DATA EXCERPTS START
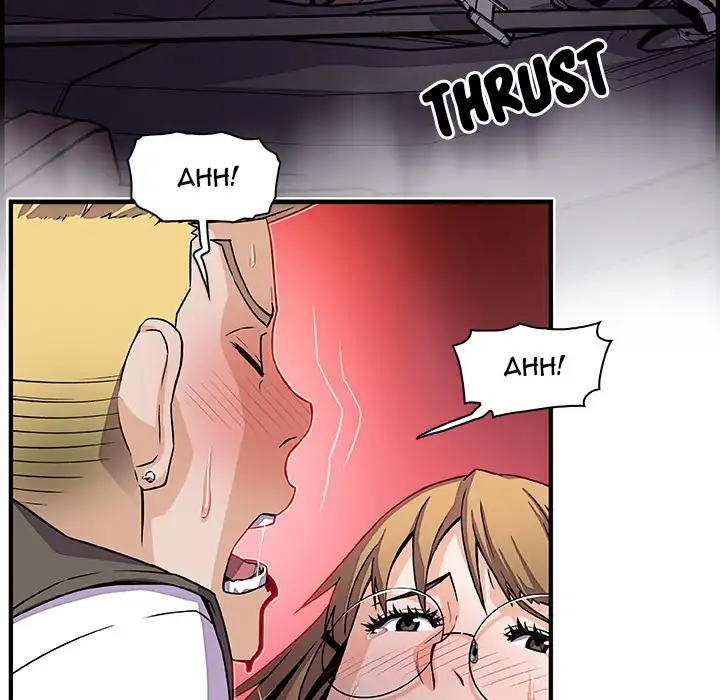 Our Complications - Chapter 17 [photo 35] - MangaPorn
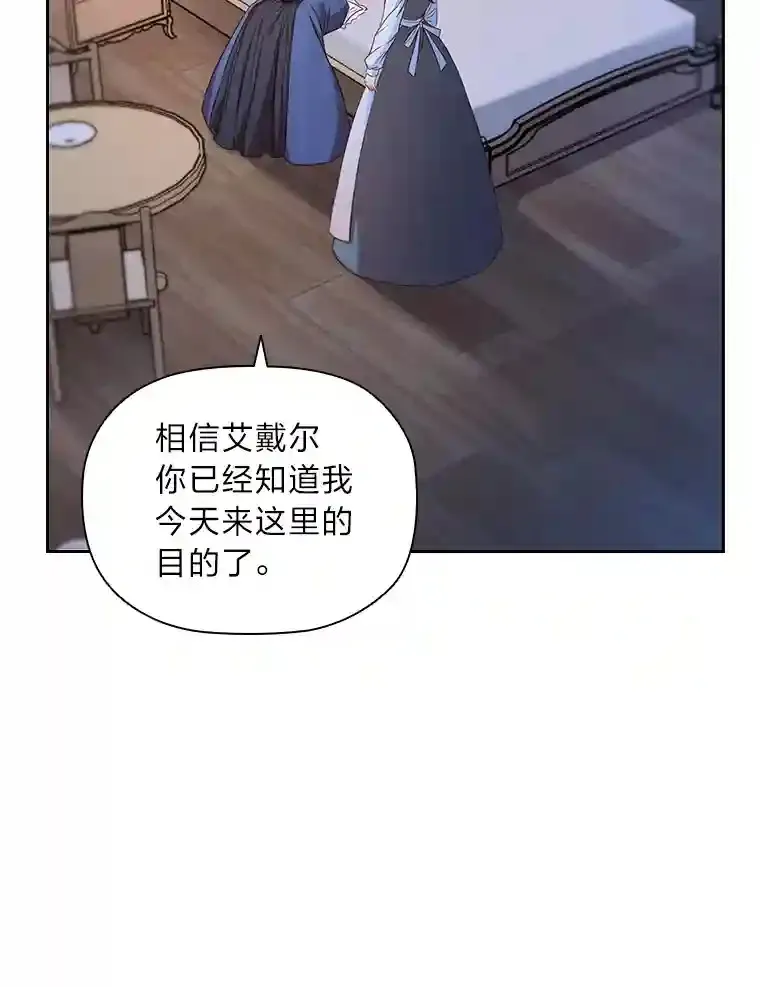 6.大皇女驾到 第62页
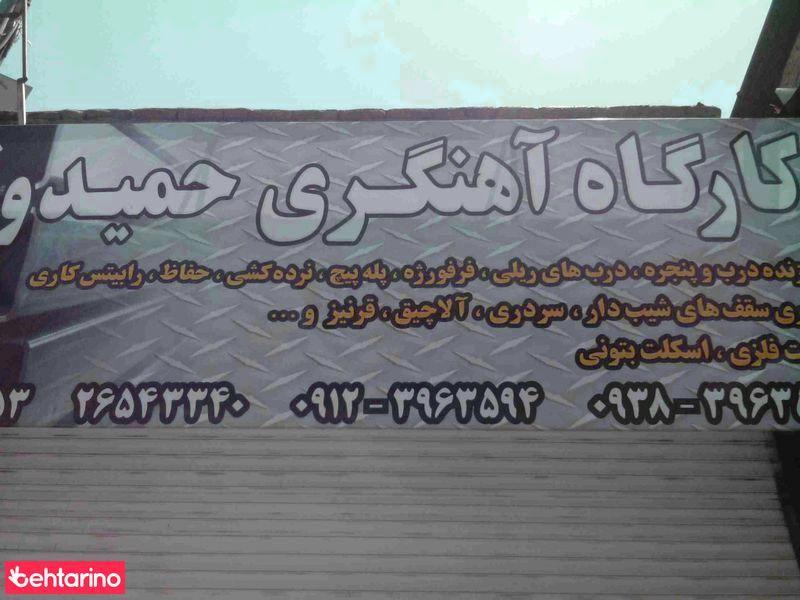 کارگاه آهنگری 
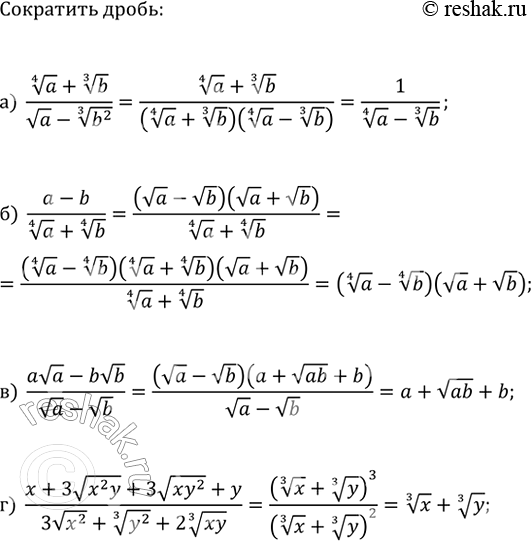 Изображение 974. При каких значениях параметра а уравнение a^2 x+ax-12=0 имеет положительный...
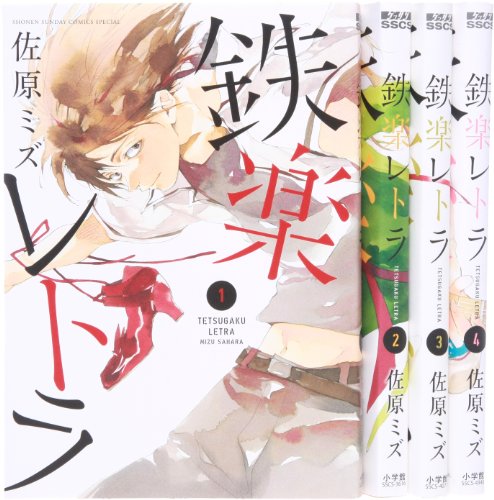 鉄楽レトラ コミック 1-4巻セット
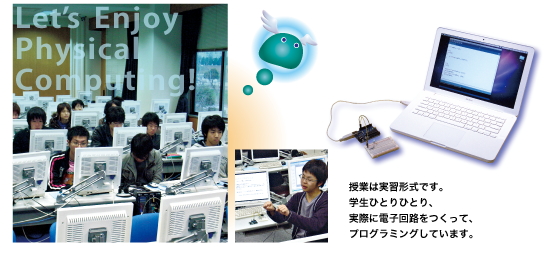 (写真)情報工学部でのフィジカルコンピューティング授業風景:Let's Enjoy Physical Computing!:授業は実習形式です。学生ひとりひとり、実際に電子回路をつくって、プログラミングしています。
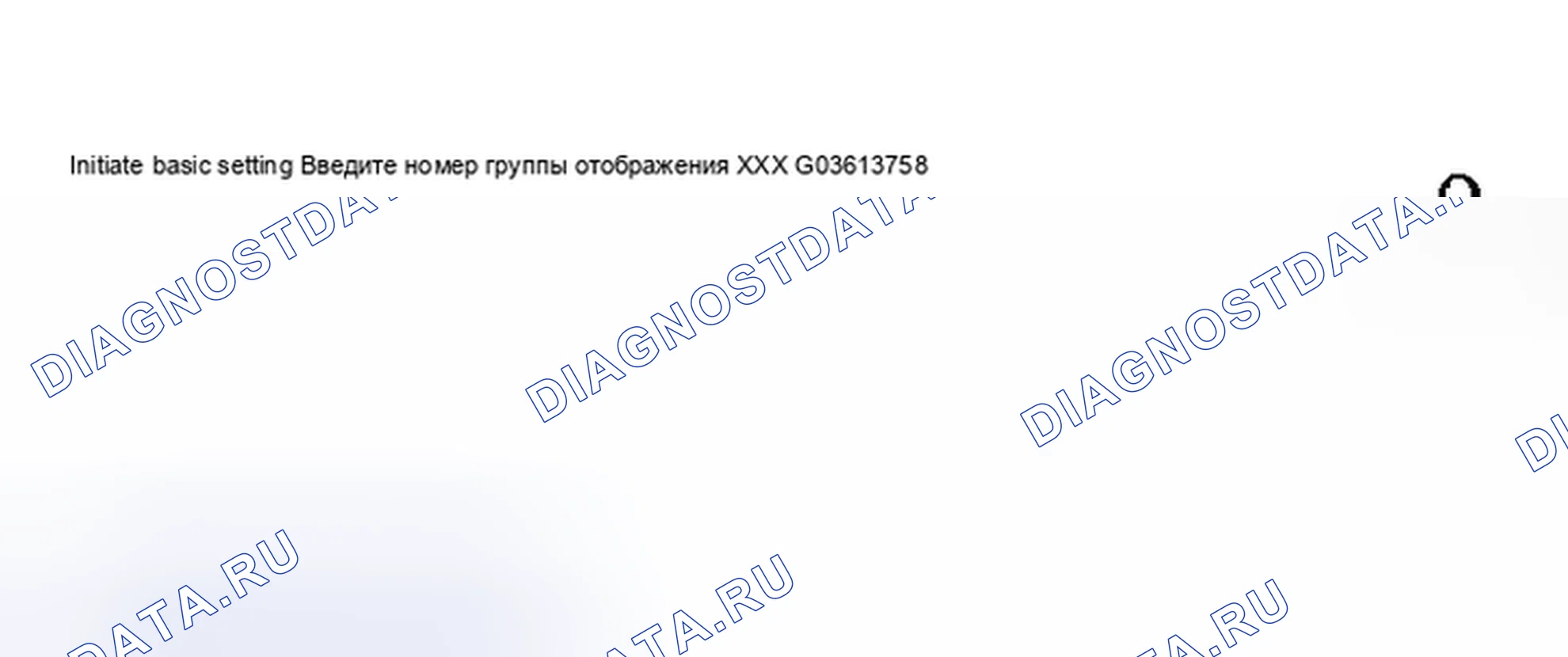 Рис. 22. Audi S6 C5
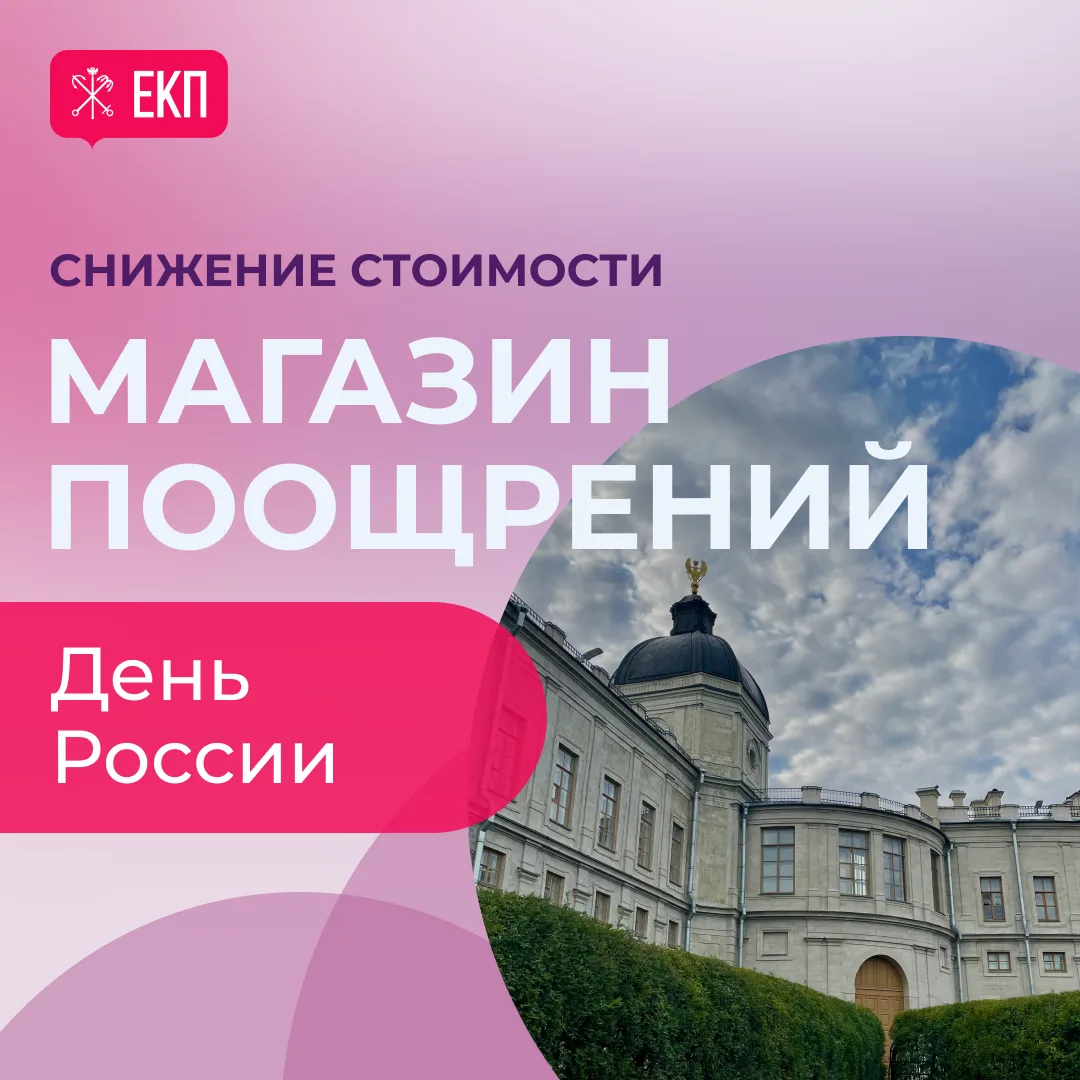 👀 Вы уже видели? 
В «Магазине поощрений» снижение стоимости —  билеты по 100 баллов!

🔹 Билет в му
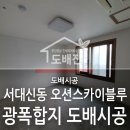 오션스카이블루 이미지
DATA EXCERPTS END
## PROBLEM REQUIREMENTS
Write out exactly the lines from the line holding "Рис. 22. Audi S6 C5" through the last line of the records above, inclusive, and nothing more. Leave out the pictures.

## EXERCISE RESPONSE
 Рис. 22. Audi S6 C5
 👀 Вы уже видели? 
В «Магазине поощрений» снижение стоимости —  билеты по 100 баллов!

🔹 Билет в му
 오션스카이블루 이미지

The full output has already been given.